PCA is just an SVD of centered data
Principal component analysis via SVD is the SVD wearing a statistician's hat. Center your data matrix X (subtract each column's mean), take its SVD X = U Sigma V^T, and the right singular vectors v_i are exactly the principal directions — the axes of greatest variance. This sharpens the Vol I view of PCA.
The variance captured along v_i is sigma_i^2 / (N-1). Keeping the top k directions IS a truncated SVD, so by Eckart-Young it is provably the best k-dimensional summary of the data. Dimensionality reduction and best-low-rank approximation are the same theorem.
Polar decomposition: rotation times stretch
Regroup the SVD and a second classical factorization falls out.

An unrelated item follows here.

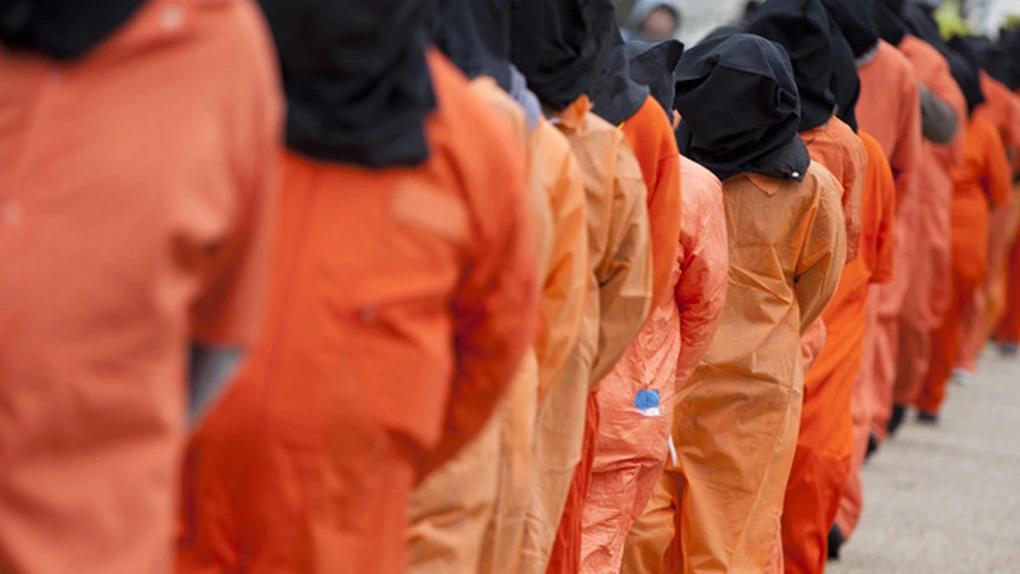 Amnesty International i-a cerut președintelui Biden să închidă pușcăria de la Guantanamo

The polar decomposition writes A = Q P, where Q = U V^T is orthogonal (a pure rotation/reflection) and P = V Sigma V^T is symmetric positive semidefinite (a pure stretch). It is the matrix analogue of writing a complex number as (unit phase) times (magnitude).
From A = U Sigma V^T, insert V^T V = I in the middle:
A = U Sigma V^T = (U V^T)(V Sigma V^T) = Q P
Q = U V^T orthogonal (rotation / reflection)
P = V Sigma V^T sym. pos. semidef. (stretch along principal axes)
Application: the orthogonal matrix CLOSEST to A (in Frobenius norm) is
exactly Q = U V^T.
This is how you 'snap' a drifted rotation matrix back to a true rotation
in graphics, robotics, and orthogonal Procrustes alignment.Scaling up: randomized SVD
On a billion-by-million matrix you cannot afford a full SVD — but you rarely need it. If only the top k singular values matter, randomized SVD finds them fast. Multiply A by a small random matrix to sketch its dominant range, orthonormalize, and do a small dense SVD inside that sketch.
- Draw a random n-by-(k+p) matrix Omega (p is a small oversampling margin, say 5-10).
- Form the sketch Y = A Omega; orthonormalize its columns with QR to get Q with Q^T Q = I.
- Project: B = Q^T A is small; take its SVD B = U_B Sigma V^T cheaply.
- Lift back: U = Q U_B. Then A is approximately U Sigma V^T, accurate to near the Eckart-Young optimum.
From a decomposition that merely *exists* for every matrix, we arrived at the workhorse behind recommender systems, image compression, latent-semantic search, noise reduction, and the dimensionality reduction inside countless machine-learning pipelines. One factorization — A = U Sigma V^T — and the rotate-stretch-rotate picture sits underneath all of it. That is the payoff of the SVD.